▶ [Problem statement]: In the material below, pictures must be dropped. Repeat exactly, and only, the lines from the line with "Apple Uyumlu iPhone" to the line with "Custom Purple Neon", both ends included.
(Information begins)
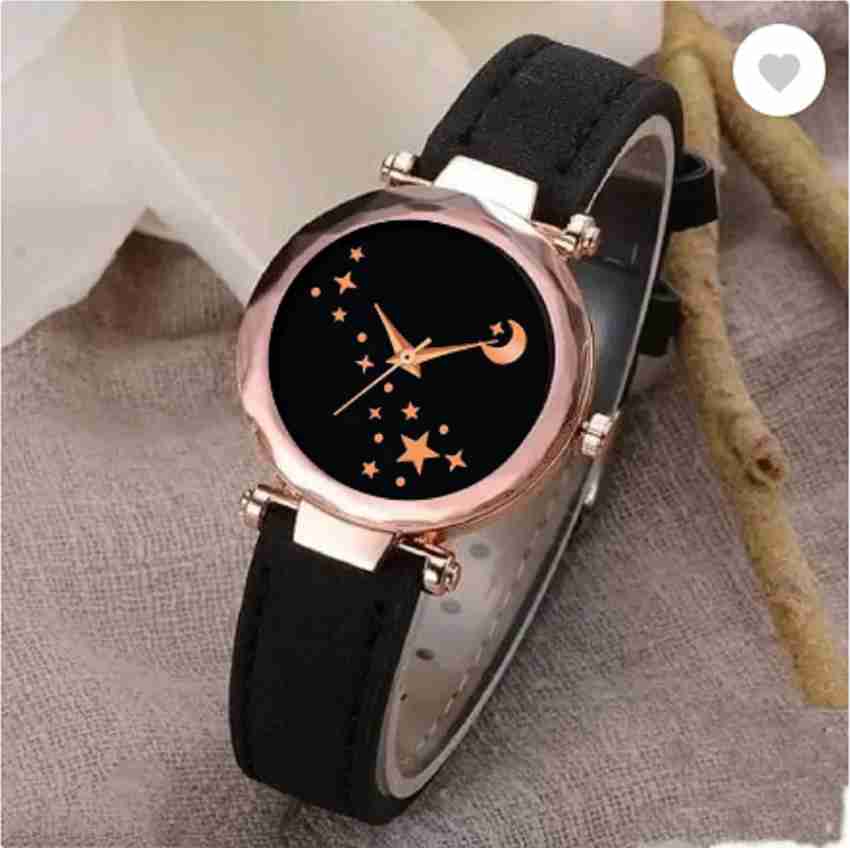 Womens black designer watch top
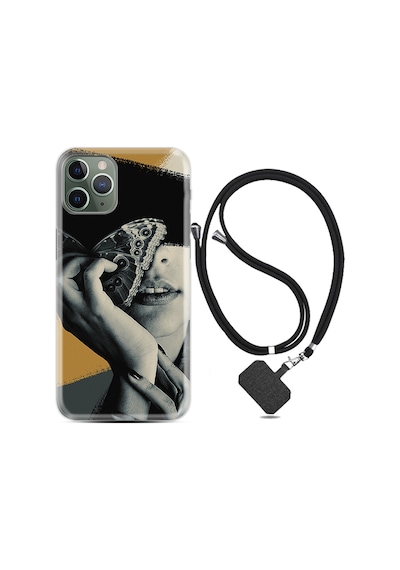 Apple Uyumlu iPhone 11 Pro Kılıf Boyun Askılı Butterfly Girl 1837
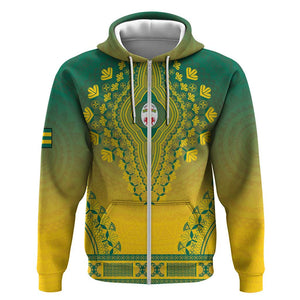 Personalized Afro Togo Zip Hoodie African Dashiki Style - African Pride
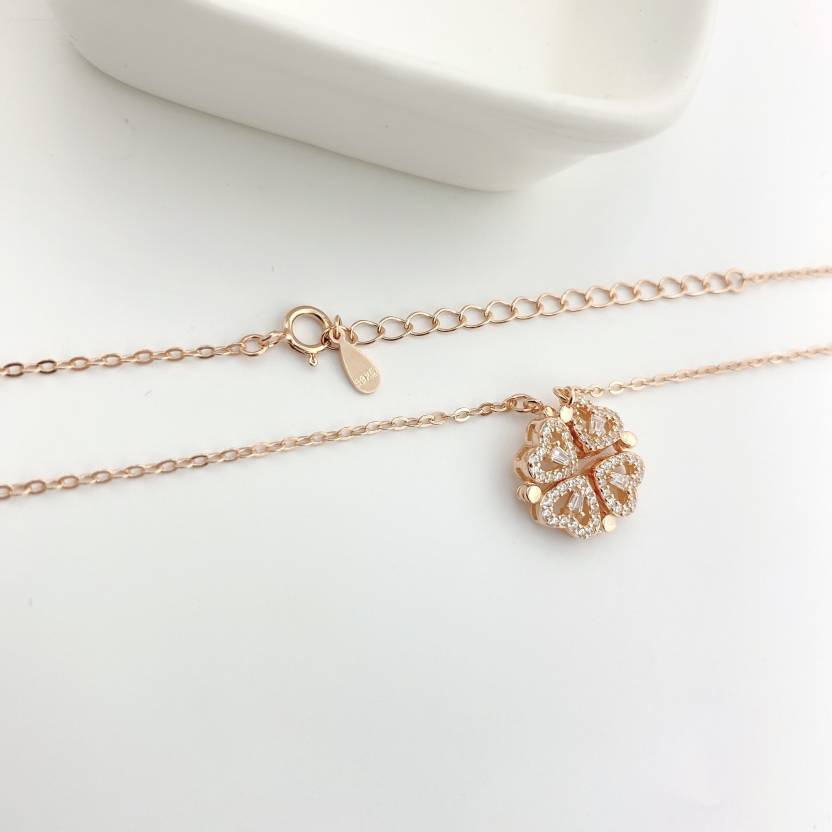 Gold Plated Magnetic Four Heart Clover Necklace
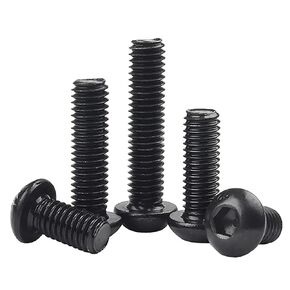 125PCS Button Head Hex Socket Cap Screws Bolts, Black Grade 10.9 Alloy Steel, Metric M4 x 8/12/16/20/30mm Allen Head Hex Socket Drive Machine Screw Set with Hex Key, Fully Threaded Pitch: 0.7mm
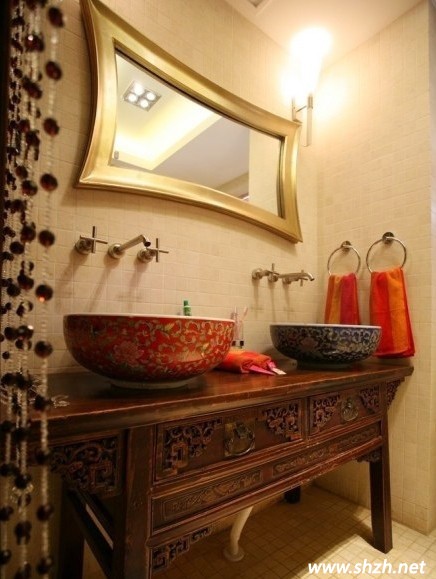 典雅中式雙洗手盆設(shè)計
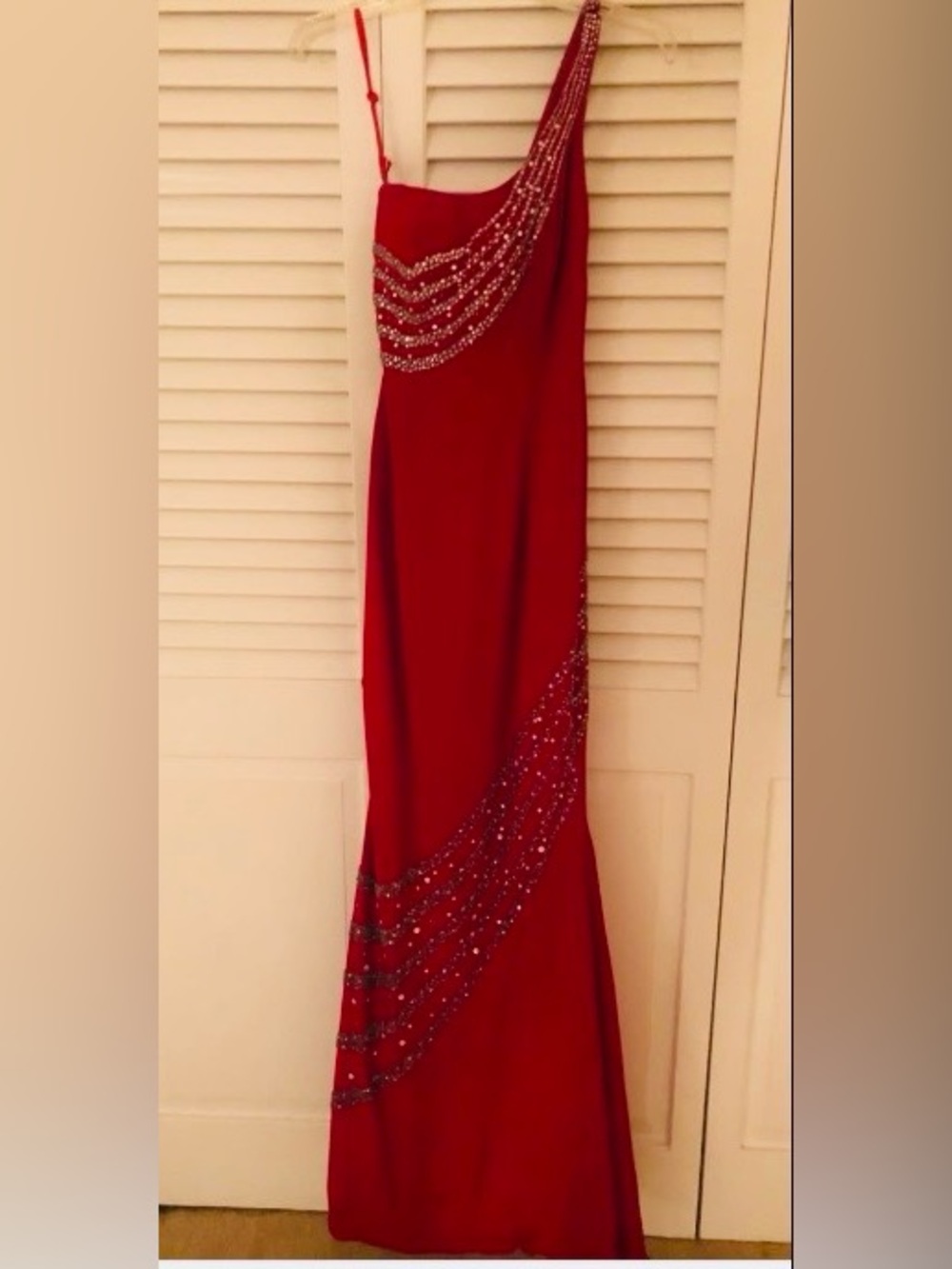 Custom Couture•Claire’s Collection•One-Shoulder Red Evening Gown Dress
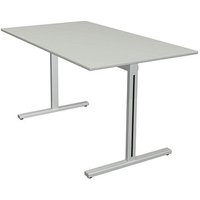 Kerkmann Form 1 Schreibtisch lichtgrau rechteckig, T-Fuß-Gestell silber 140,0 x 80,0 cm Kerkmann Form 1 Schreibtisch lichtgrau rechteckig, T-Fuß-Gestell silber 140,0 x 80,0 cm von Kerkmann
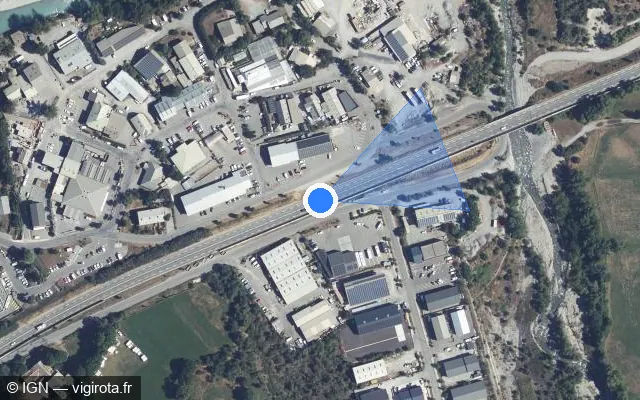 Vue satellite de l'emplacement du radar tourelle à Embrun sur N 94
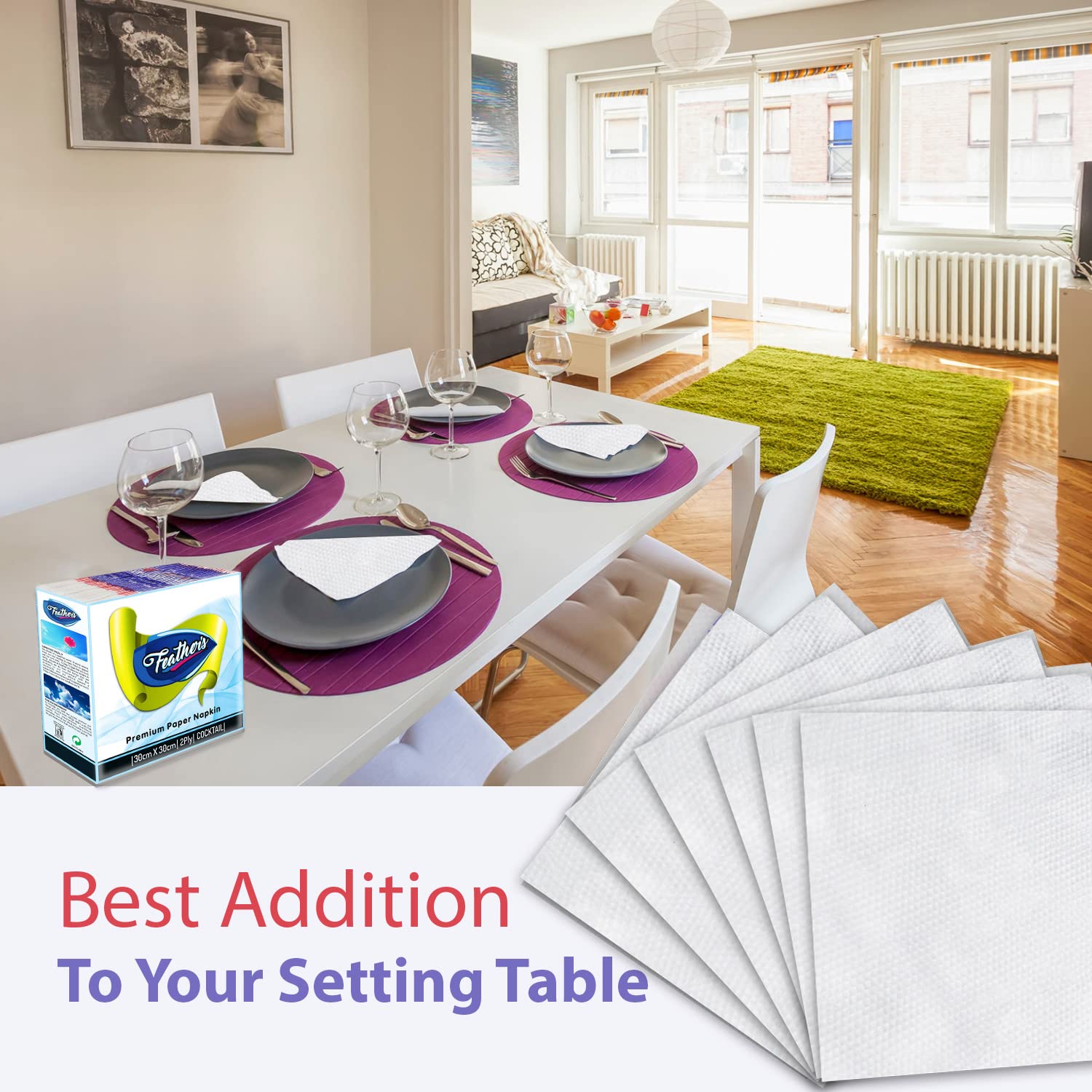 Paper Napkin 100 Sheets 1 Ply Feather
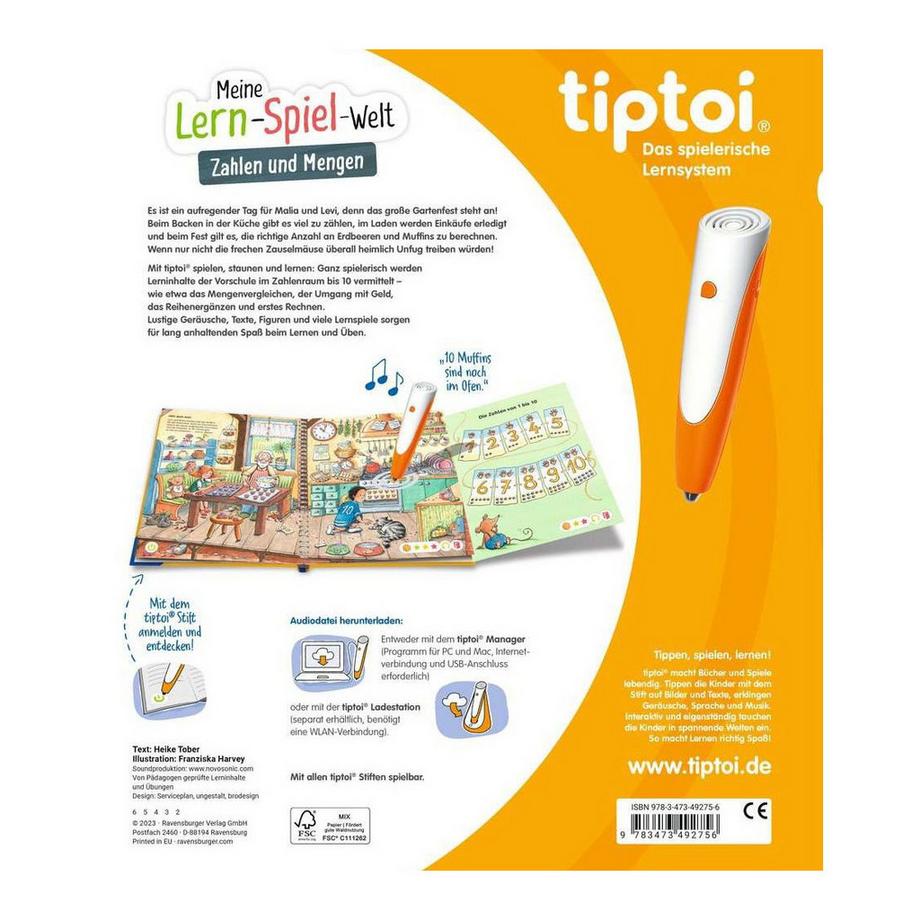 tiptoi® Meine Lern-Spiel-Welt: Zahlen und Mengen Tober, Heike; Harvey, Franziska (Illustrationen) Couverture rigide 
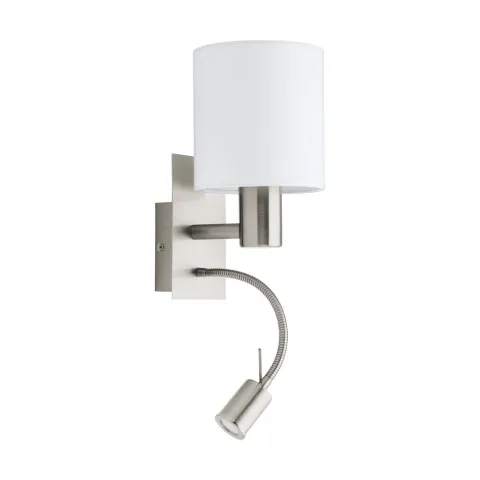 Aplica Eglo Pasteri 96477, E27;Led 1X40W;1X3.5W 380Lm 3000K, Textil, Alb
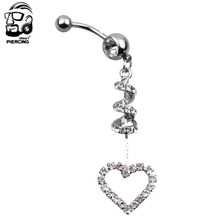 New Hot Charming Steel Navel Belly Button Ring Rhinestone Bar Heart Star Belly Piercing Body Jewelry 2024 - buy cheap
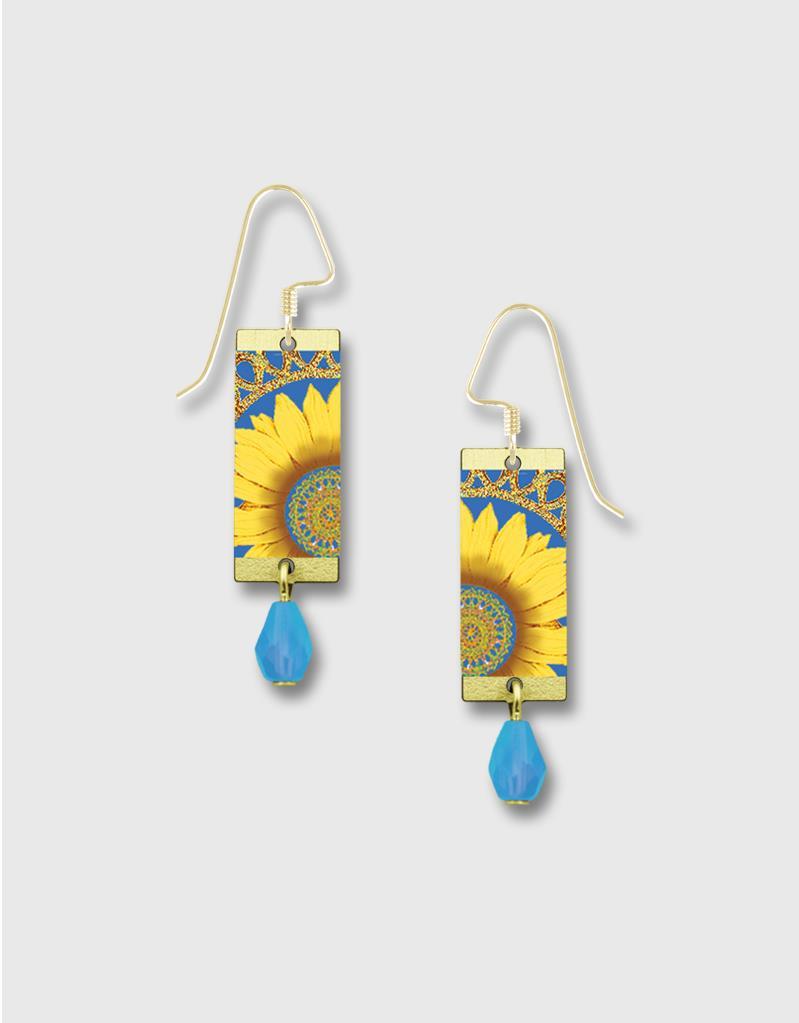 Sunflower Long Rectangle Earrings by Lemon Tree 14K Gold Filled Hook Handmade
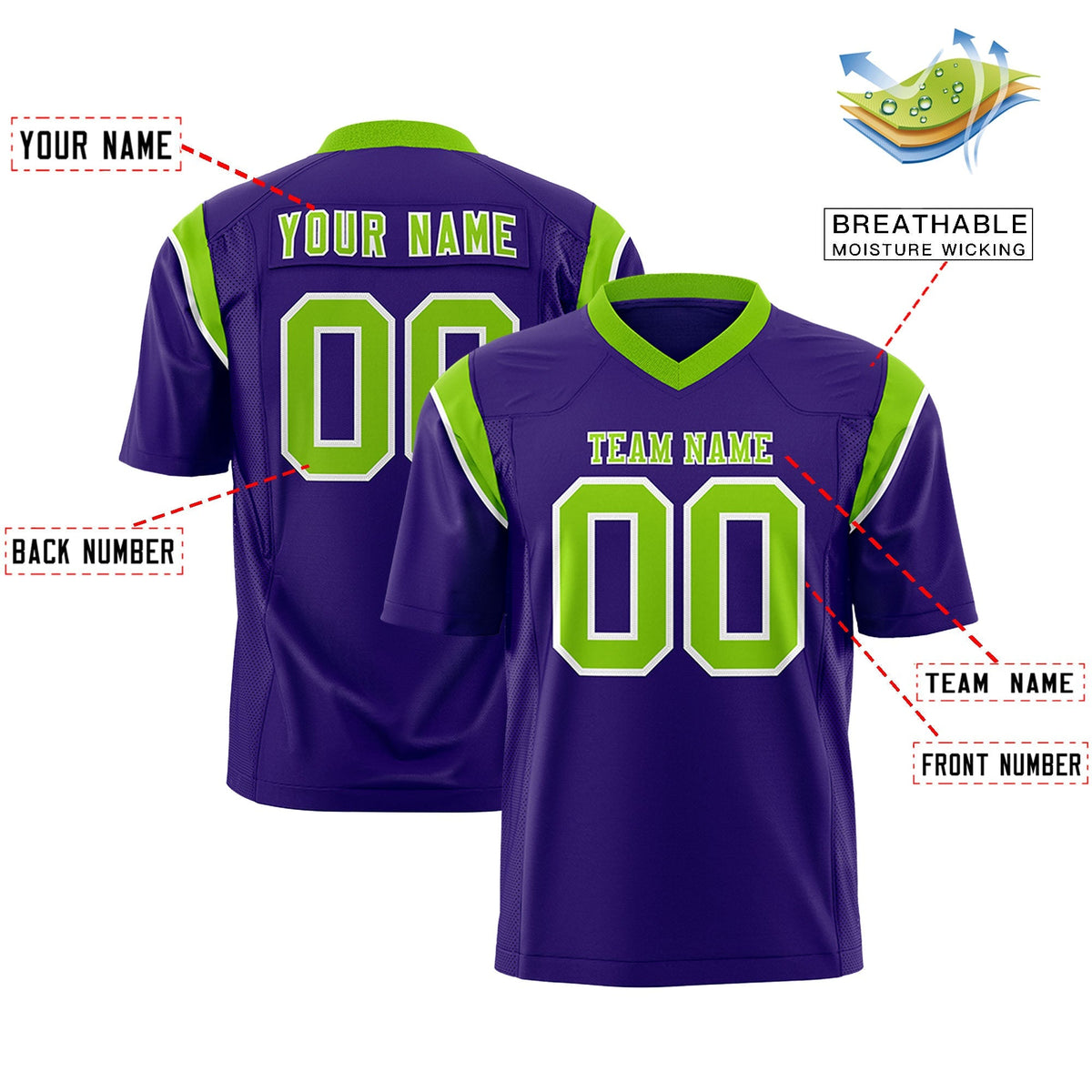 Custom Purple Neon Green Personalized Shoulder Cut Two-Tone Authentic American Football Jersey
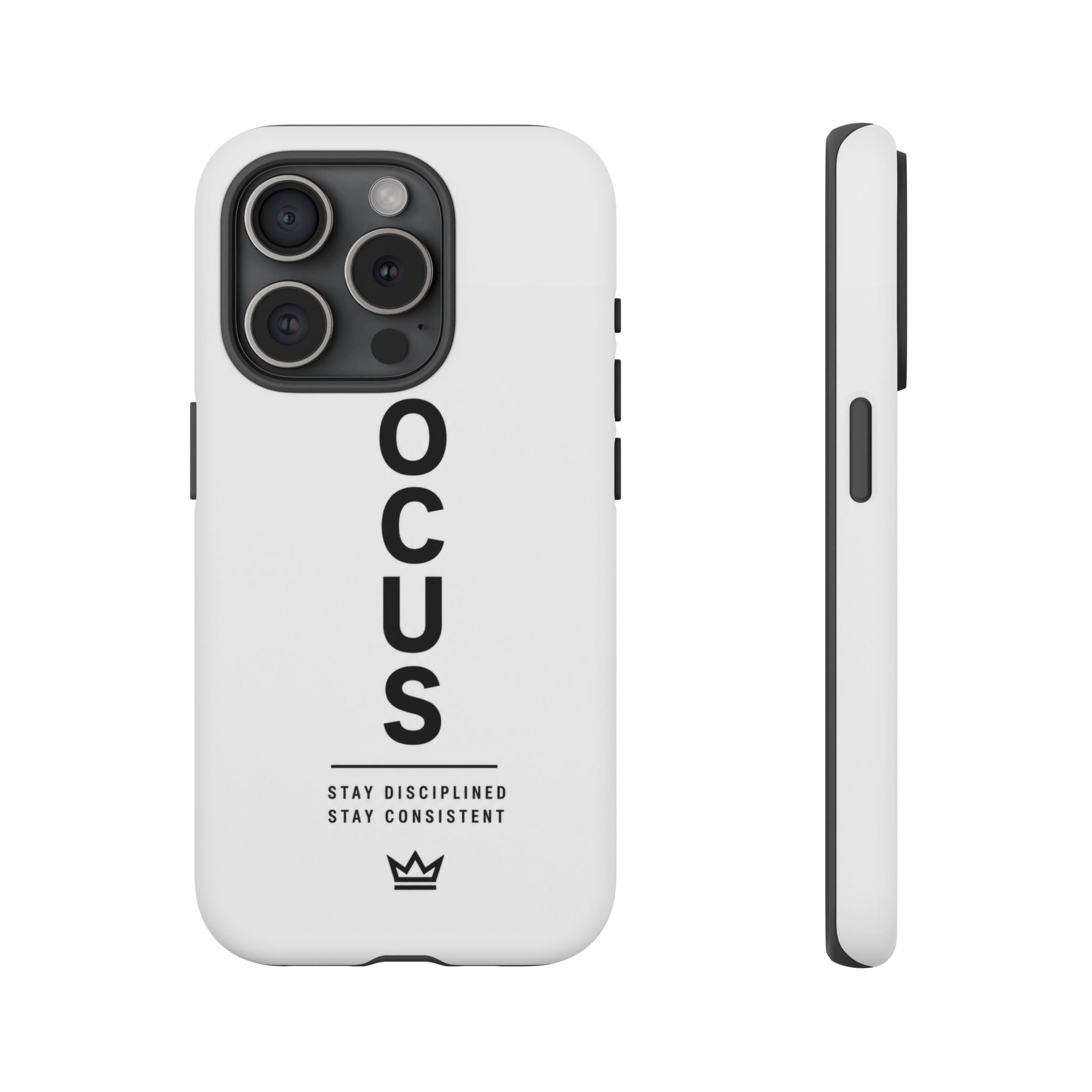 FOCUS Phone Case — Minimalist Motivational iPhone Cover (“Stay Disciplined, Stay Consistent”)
(Information ends)
▶ [Written answer]:
 Apple Uyumlu iPhone 11 Pro Kılıf Boyun Askılı Butterfly Girl 1837
 Personalized Afro Togo Zip Hoodie African Dashiki Style - African Pride
 Gold Plated Magnetic Four Heart Clover Necklace
 125PCS Button Head Hex Socket Cap Screws Bolts, Black Grade 10.9 Alloy Steel, Metric M4 x 8/12/16/20/30mm Allen Head Hex Socket Drive Machine Screw Set with Hex Key, Fully Threaded Pitch: 0.7mm
 典雅中式雙洗手盆設(shè)計
 Custom Couture•Claire’s Collection•One-Shoulder Red Evening Gown Dress
 Kerkmann Form 1 Schreibtisch lichtgrau rechteckig, T-Fuß-Gestell silber 140,0 x 80,0 cm Kerkmann Form 1 Schreibtisch lichtgrau rechteckig, T-Fuß-Gestell silber 140,0 x 80,0 cm von Kerkmann
 Vue satellite de l'emplacement du radar tourelle à Embrun sur N 94
 Paper Napkin 100 Sheets 1 Ply Feather
 tiptoi® Meine Lern-Spiel-Welt: Zahlen und Mengen Tober, Heike; Harvey, Franziska (Illustrationen) Couverture rigide 
 Aplica Eglo Pasteri 96477, E27;Led 1X40W;1X3.5W 380Lm 3000K, Textil, Alb
 New Hot Charming Steel Navel Belly Button Ring Rhinestone Bar Heart Star Belly Piercing Body Jewelry 2024 - buy cheap
 Sunflower Long Rectangle Earrings by Lemon Tree 14K Gold Filled Hook Handmade
 Custom Purple Neon Green Personalized Shoulder Cut Two-Tone Authentic American Football Jersey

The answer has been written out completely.